Abstract:
Negotiation is a fundamental aspect of human interaction, involving a dynamic
exchange of communication between two or more parties to reach mutually agreeable
outcomes. With recent advancements in chatbots, leveraging artificial intelligence (AI)
for negotiation has emerged as an ideal application. Despite significant progress in
English negotiation bots using deep learning and reinforcement learning, such
advancements are notably absent in other languages, particularly Arabic. Furthermore,
while previous research has primarily focused on developing high-performing neural
response generation systems for negotiation bots, the integration of multimodality into
these automated agents remains unexplored. The incorporation of multimodality is
represented in image analysis, and it contributes to a more comprehensive and userfriendly negotiation model. This thesis presents the first Arabic negotiation model,
distinguished by incorporating multimodality into negotiation models.

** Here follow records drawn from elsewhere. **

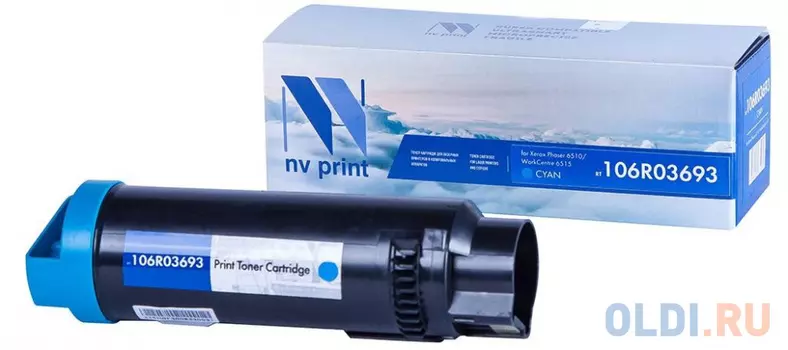 Картридж NV-Print 106R03693 4300стр Голубой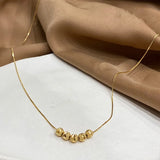 Silver Love Heart Round Beads Pendant Necklace For Women
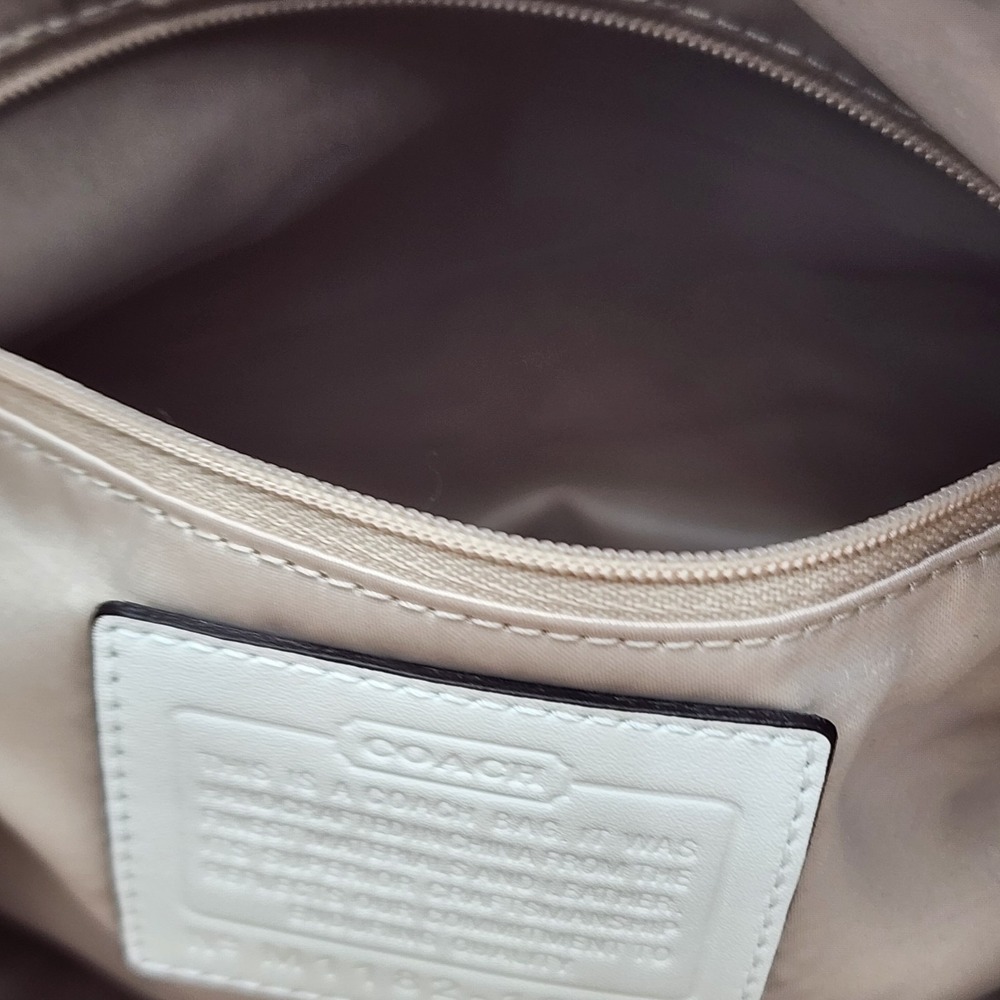 Coach Kristin Round Satchel White Nappa Leather Crossbody Strap Dustbag 19295 - Picture 12 of 16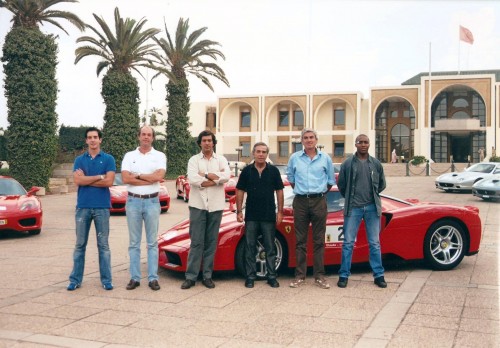 "Tour-Rallye FERRARI - MASERATI" - Automobiles Menara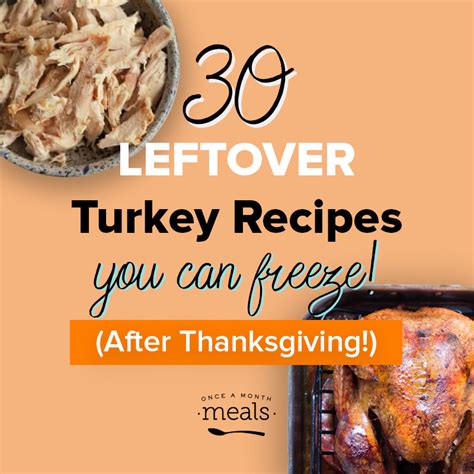 30 Leftover Turkey Recipes You Can Freeze After Thanksgiving Once A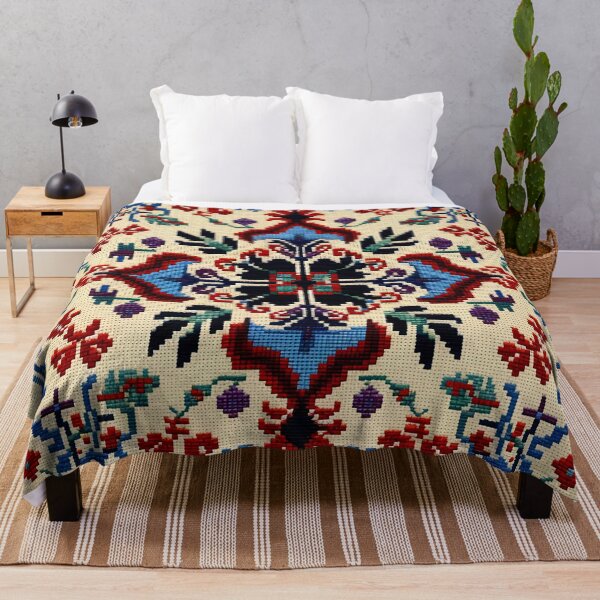 Item preview, Persian Floral Embroidery Pattern – Traditional Cross Stitch Design designed and sold by BrainCurves.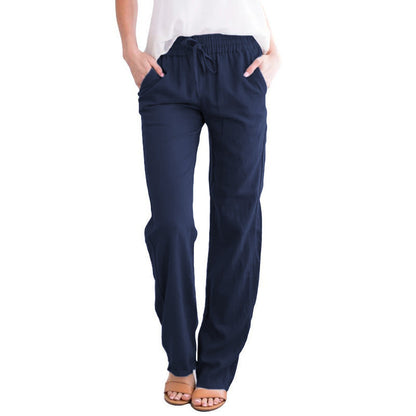 Damen Weite Hose Elastischer Bund Bequem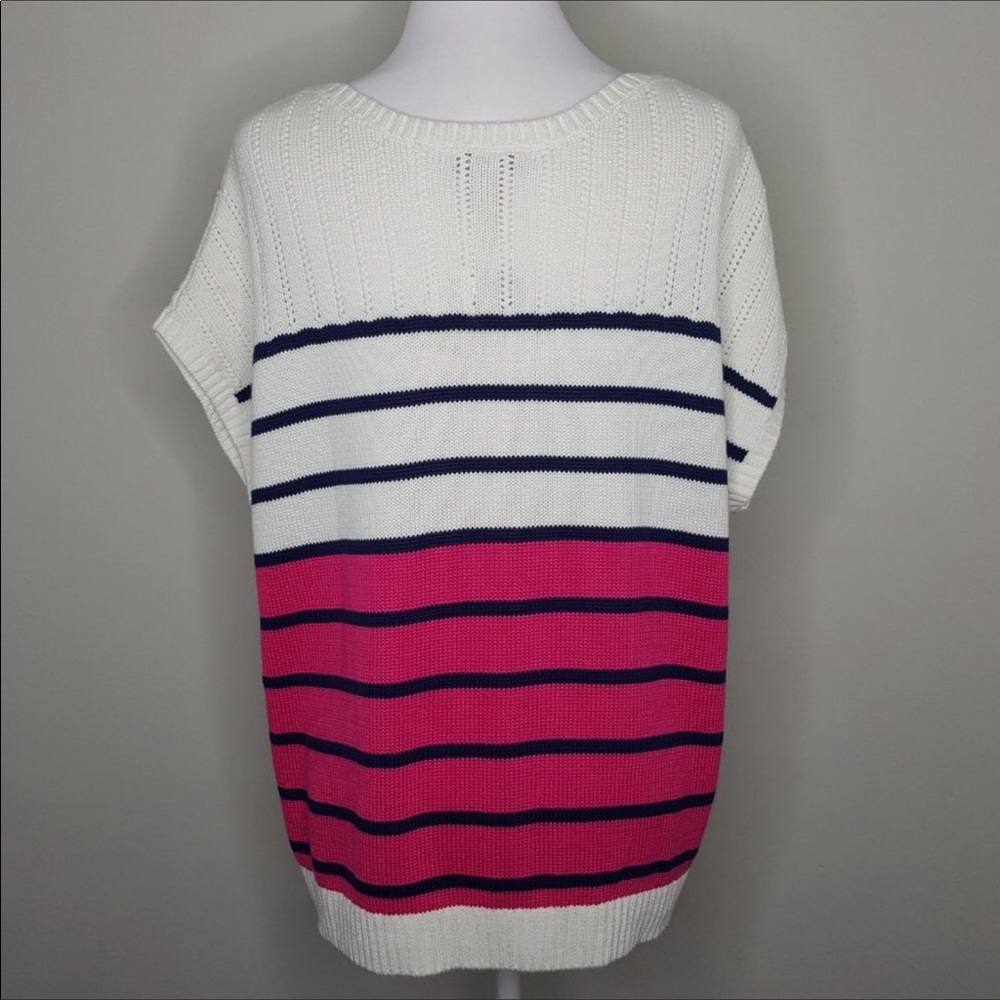 Tommy Bahama sweater pink,white black bought today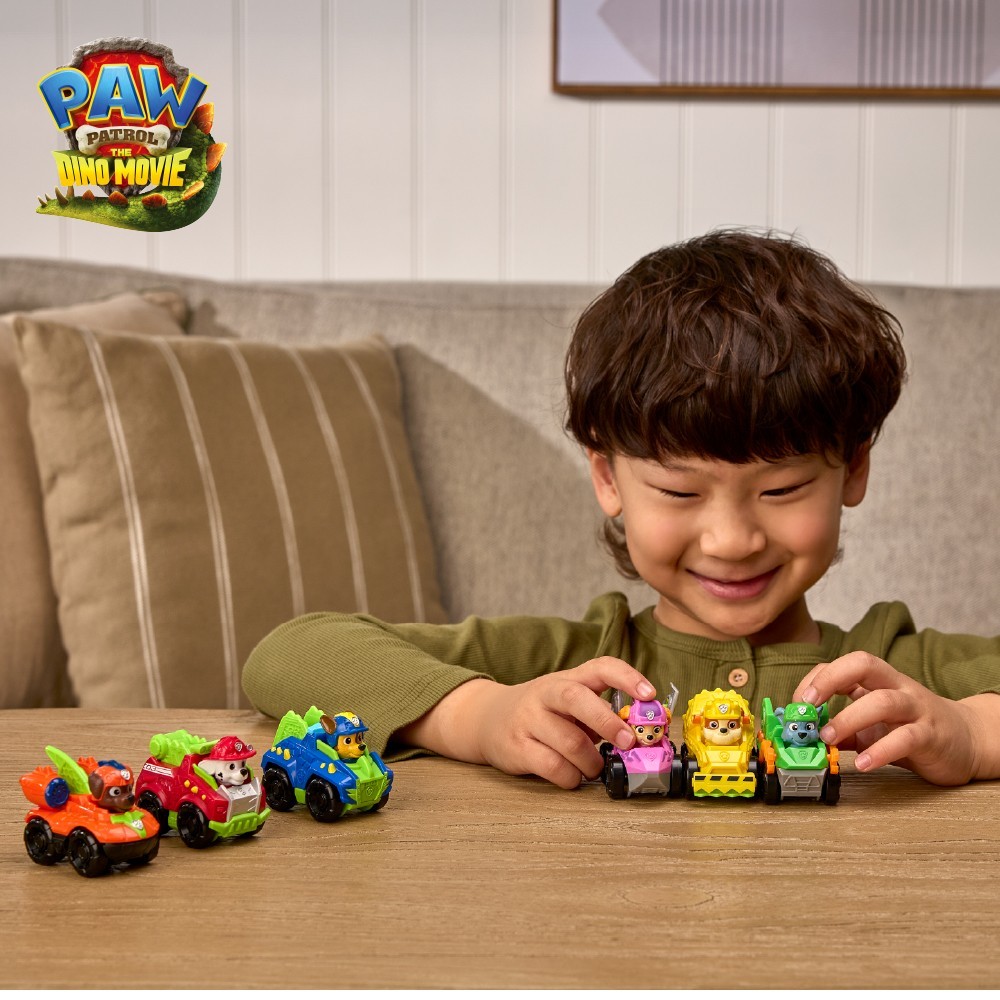 汪汪隊立大功 PAW Patrol-電影版3 恐龍小賽車 (阿奇/毛毛/天天/小礫/路馬/灰灰)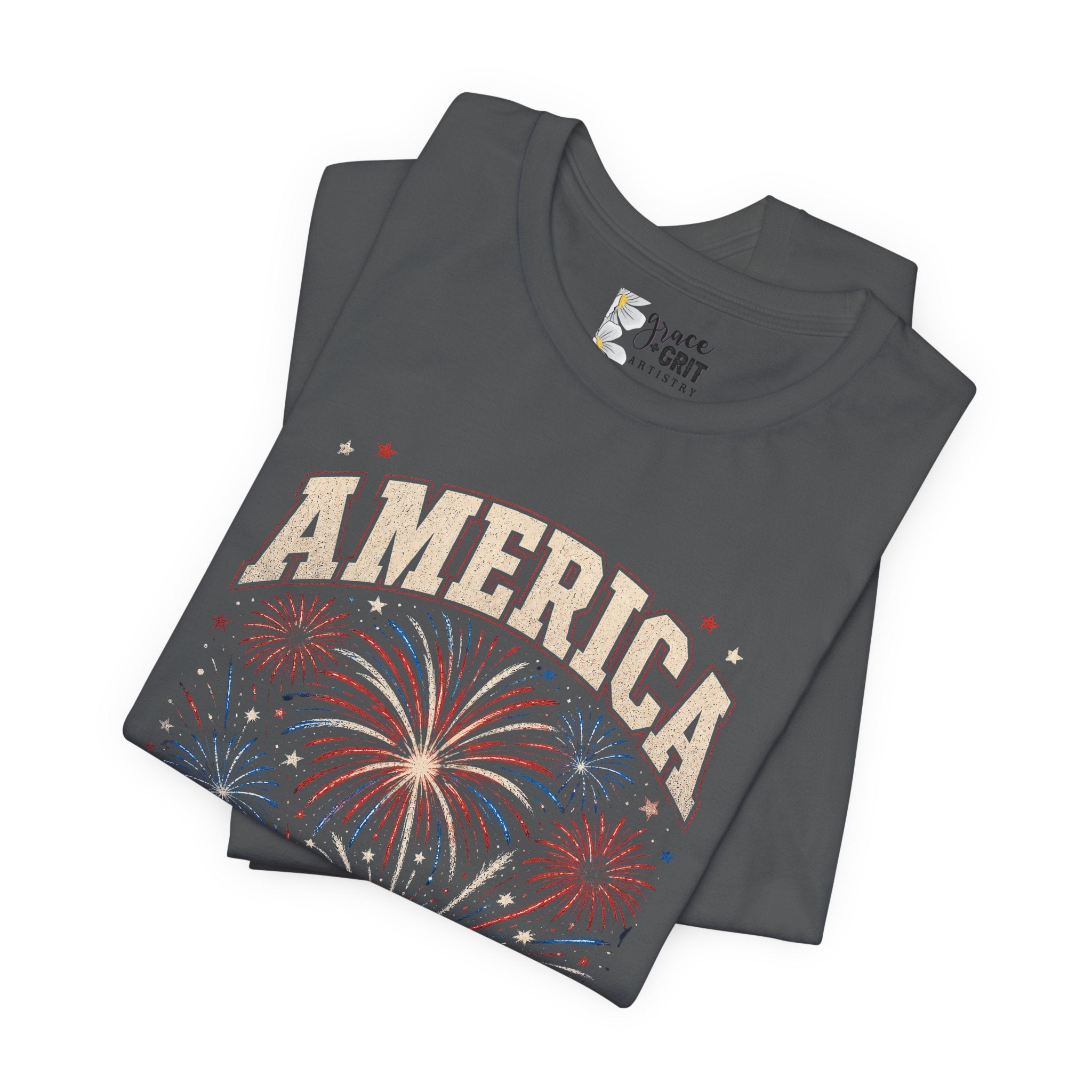 America Fireworks Celebrate Tee | Patriotic Fourth of July Shirt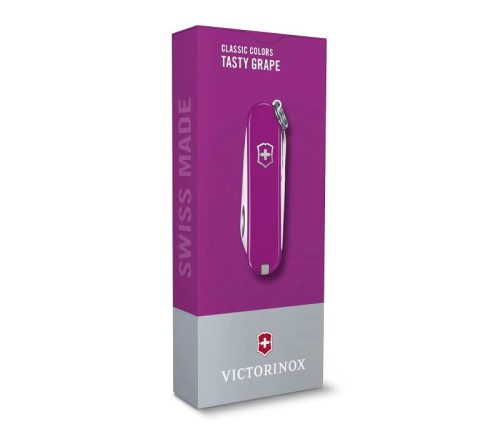 Nóż Victorinox Classic SD 0.6223.52G Mały fioletowy scyzoryk z nożyczkami i śrubokrętem 0622352G
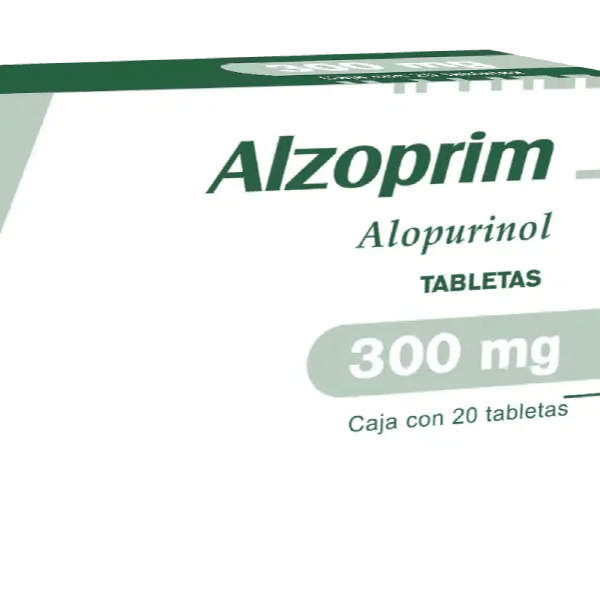 Alzoprim Alopurinol 300 mg caja con 20 Tabletas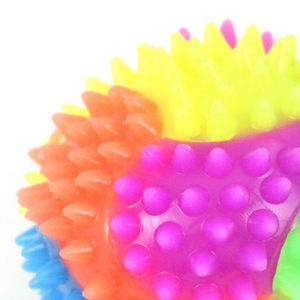 Pelota LED Arcoíris para Mascotas, 7.5cm, Goma Resistente, Diseño Simple, Juguete Interactivo con Movimiento y Efecto Brillante - Product Image 4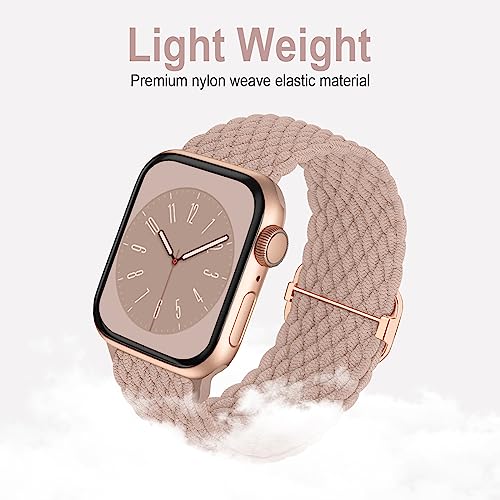 Image of Braided Solo Loop Compatible with Apple Watch Band 38mm 40mm 41mm 42mm 44mm 45mm 46mm 49mm Women Men, Adjustable Stretchy Bands Elastic Sport Strap for iWatch Series 11 10 9 8 7 6 5 4 3 2 SE Ultra 3 2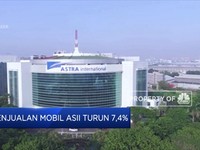 Penjualan Mobil Astra Turun 7,4%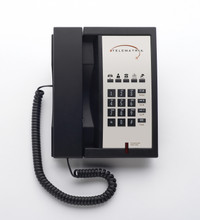 Telematrix 3300MW5, 3300 Series – Analog Corded Phones, 1 Line, 5GSK, MW, Black, Part# 331391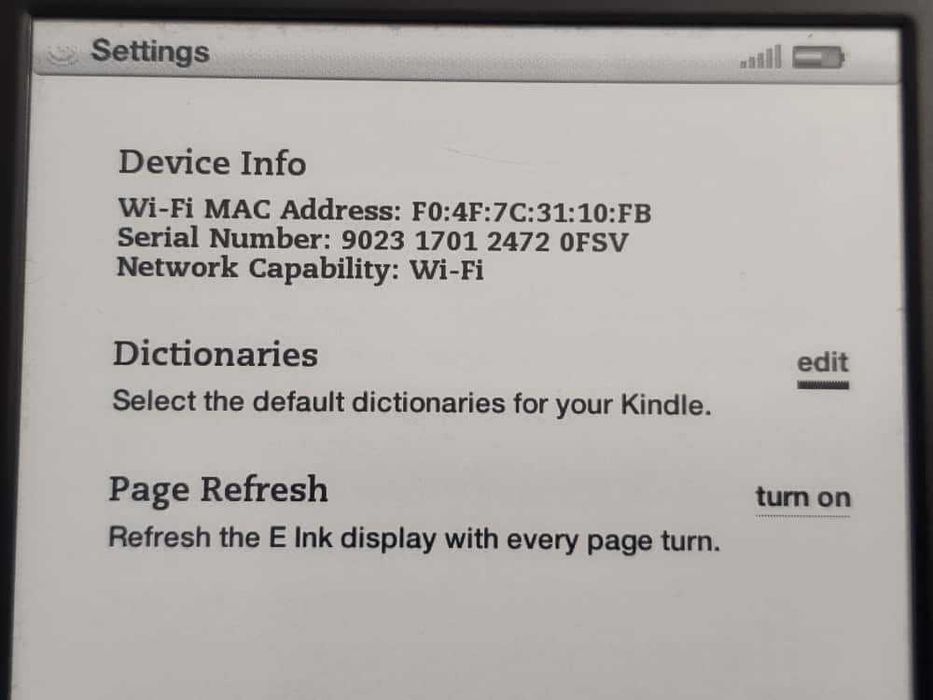 eBook Amazon Kindle 4 gen 2gb 6 Inch Wifi D01100 - poze reale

The integration
of multimodality, particularly through image analysis, provides a more comprehensive
and user-centric approach to negotiation. Our primary objective is to develop an Arabic
multimodal negotiating bot, a seller agent capable of engaging in negotiations with
buyers in the context of item sales. This seller agent is designed to understand the
buyer's Arabic utterances and to interpret the negotiation context through images
provided by the buyer. To achieve this, we trained a Generative Pre-trained Transformer
(GPT-2) model on an Arabic dataset, integrating it with a Convolutional Neural
Network (CNN) for image analysis. The model's automatic evaluation yielded a BLEU4 score of 0.21 and a cross-entropy loss of 0.55, metrics that are promising for the first
model of its kind in Arabic. Our experiments and analyses reveal both the successes and
limitations of the designed multi-modal Arabic negotiating model, offering insights into
the inherent challenges and setting directions for future research.